Children’s Summer Art & Conservation Workshops

Ages 8-13

This year the Arts Centre is partnering with the Sunshine Coast Conservation Association to offer 3 children’s workshops, each combining art making with ecological walks and discussions.  In the mornings participants learn to draw, sculpt and paint the rich and varied life of the Coast led by a senior artist/teacher. In the afternoon, walks and discussions take over as we explore the rich life forms that populate this special part of the Pacific Northwest. Each workshop culminates in an exhibition of work in our community gallery with a reception celebrating their achievements. Workshops run 10:00 – 3:00 each day, with a break provided for lunch.
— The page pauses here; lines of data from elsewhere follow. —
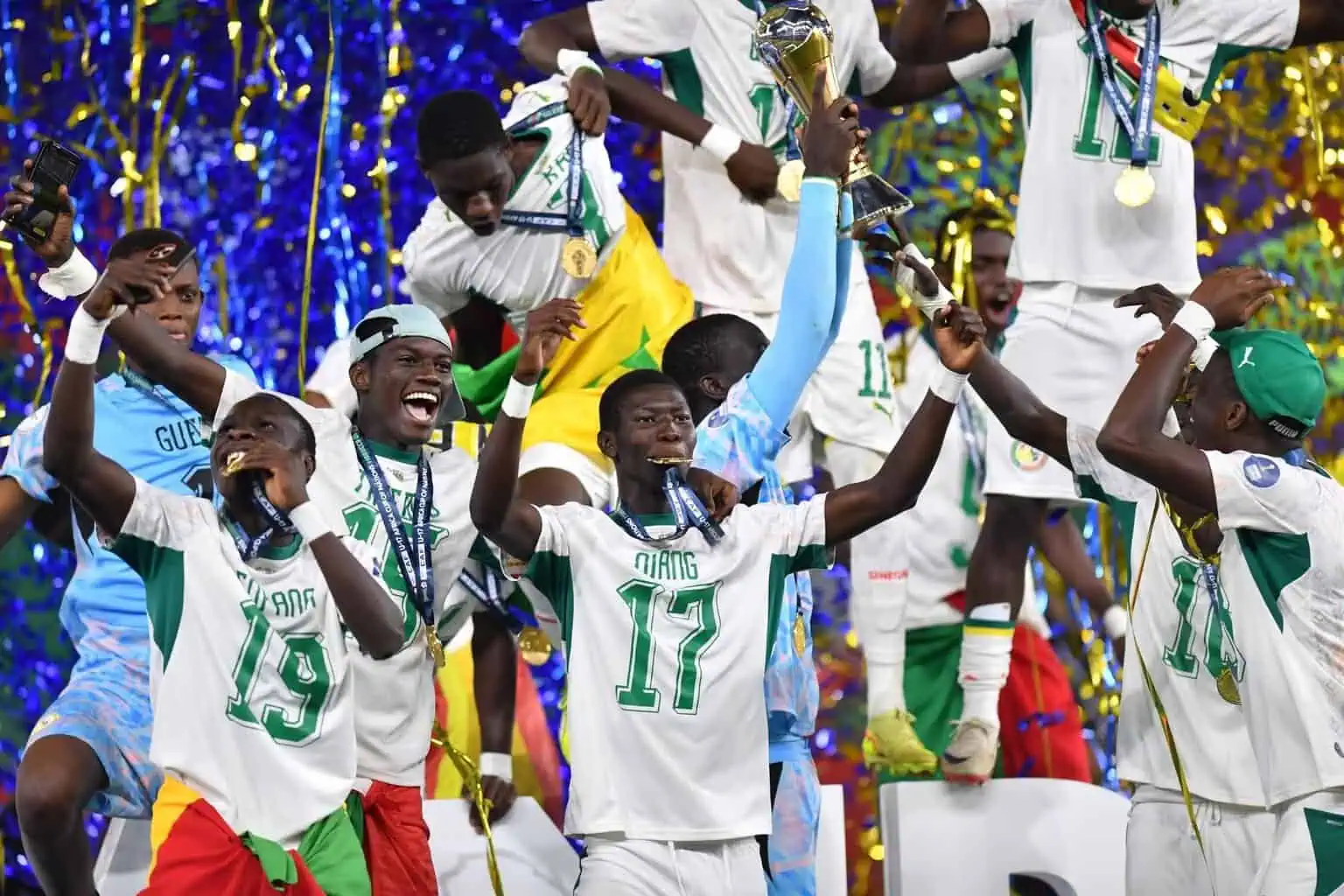CAN U17 2026 : le Sénégal sacré, une génération au mental d’acier - wiwsport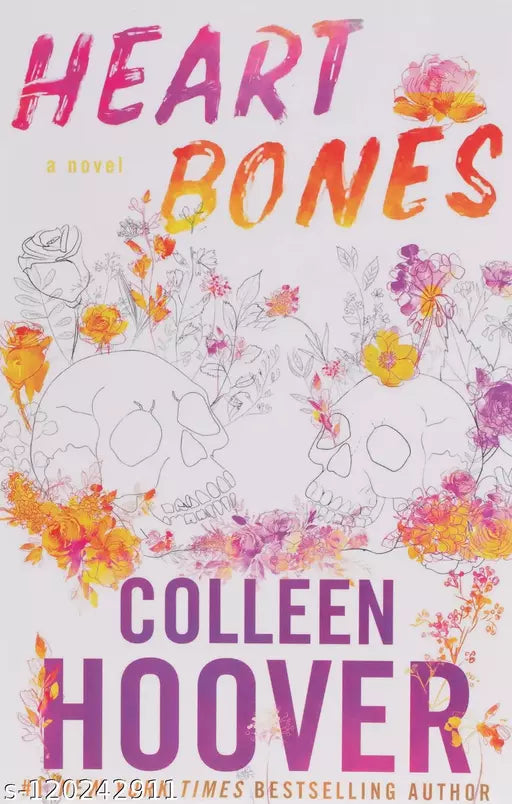 Heart Bones by Colleen Hoover (English Paperback)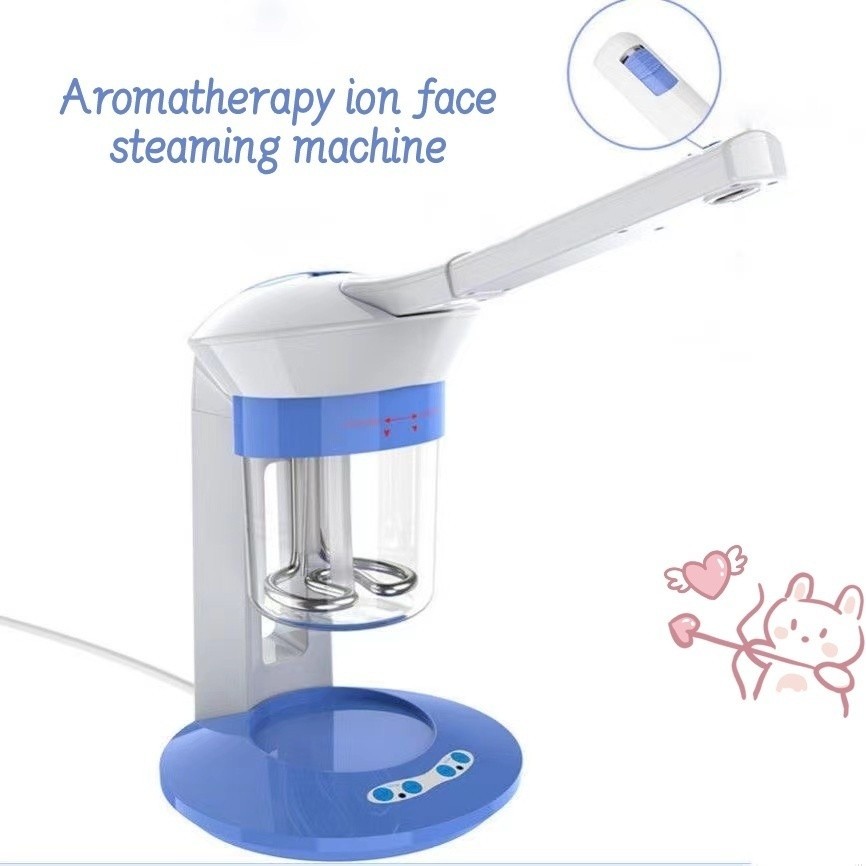 360 ° rotatable two in one face steam engine portable easy to operate ozone steam ion face steam eng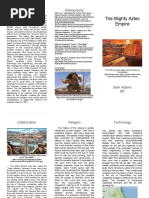 Geography of the Aztec Empire | PDF | Earth Sciences
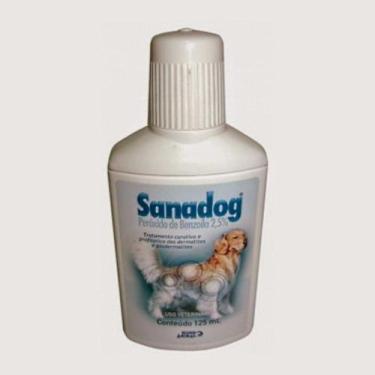 Imagem de SANADOG SHAMPOO- 500ml - Mundo Animal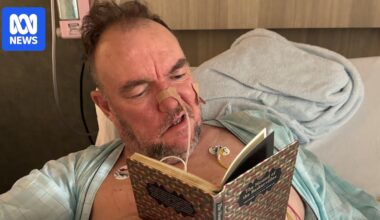 Yamba man left with $130,000 hospital bill after suffering stroke in Japan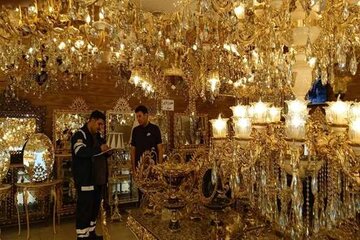 تجهیز لوستر فروشی‌های پایتخت به کنتورهای هوشمند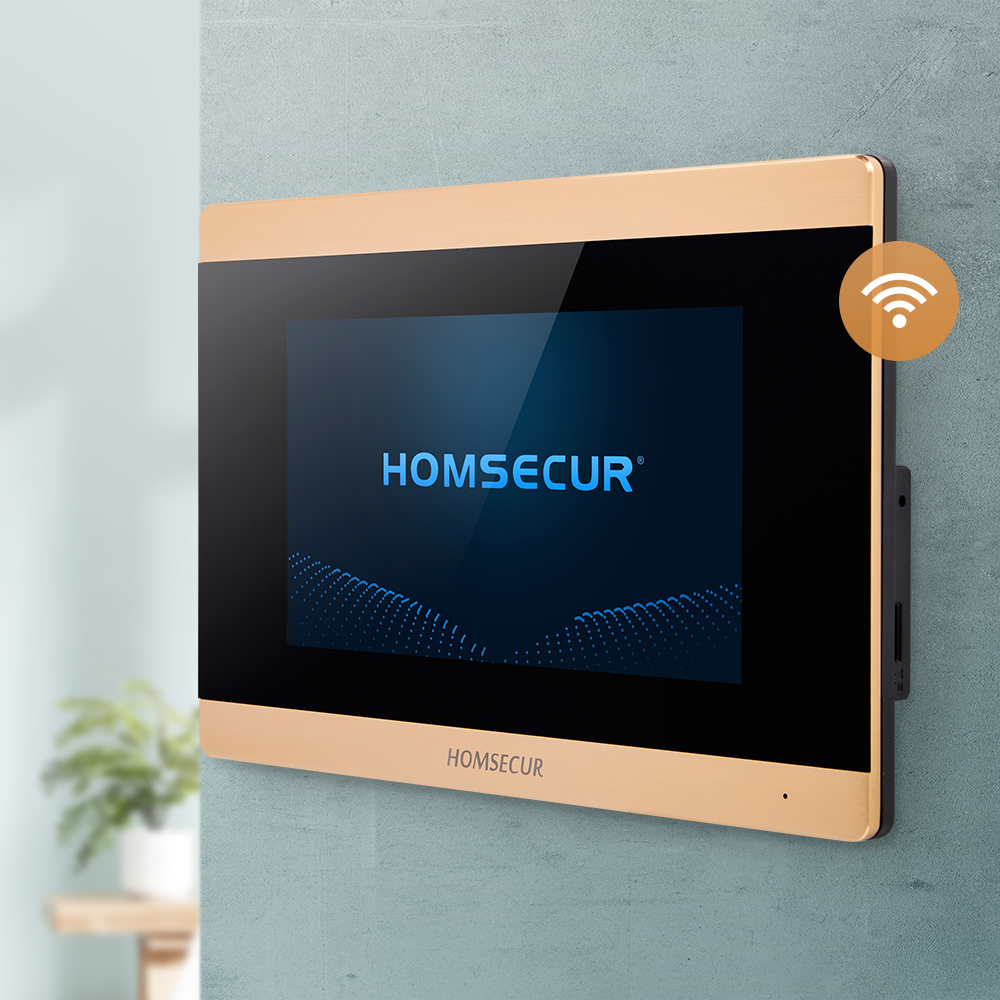 HOMSECUR BA15D-G Indoor Monito - Video Doorbell incelemesi ve fiyatı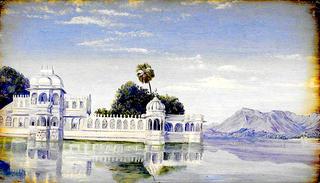 尤代普尔的贾尼宫简1879年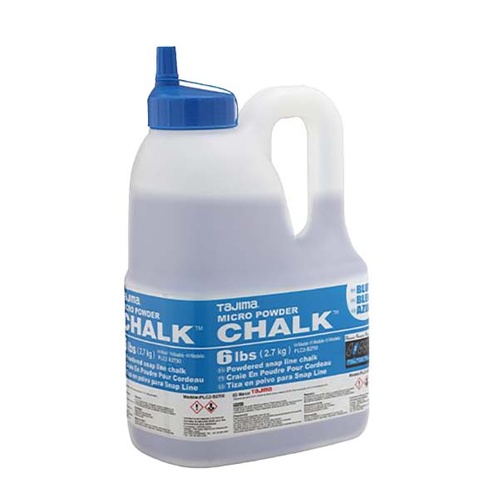 Tajima PLC2-B2700 Micro Powder Chalk 2.7kg - Blue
Backyard Birds (Acrylic Painting), July 10, 11, 12

Nature’s Imprints (Sculpture), July 17, 18, 19

En Plein Air (Watercolour), July 23, 24, 25

Daily Schedule:

10am-12:30pm Art Making

12:30pm-1-pm Supervised Lunch

1:00pm-3:00pm Ecological Walks and Talks

Cost: before June 25 $80/$110 per student, after June 25 $100/$125 per student (member/non-member), includes all supplies, a finished work and a mini-exhibition and reception. Maximum 12 participants per workshop.

If you have registered and are unable to attend, please advise us by July 2nd in order to collect a refund.

beBruce Edwards

Born and raised in Canada, Bruce Edwards has spent much of his time after completing art school travelling worldwide. Along the way Bruce has worked on murals and art instruction in a variety of places including: Togo, West Africa, Oglala Sioux Reservation in South Dakota, Homer, Alaska, Tucson, Arizona to name but a few!

Bruce will be teaching both acrylics and watercolours for their respective camps. He will focus on teaching the students to paint their local environment and what they see around them. At the end of the acrylic week each child will have a 12 x 14 canvas of their artistic creation to take home, and at the end of the watercolour week each child will have several watercolours to bring home.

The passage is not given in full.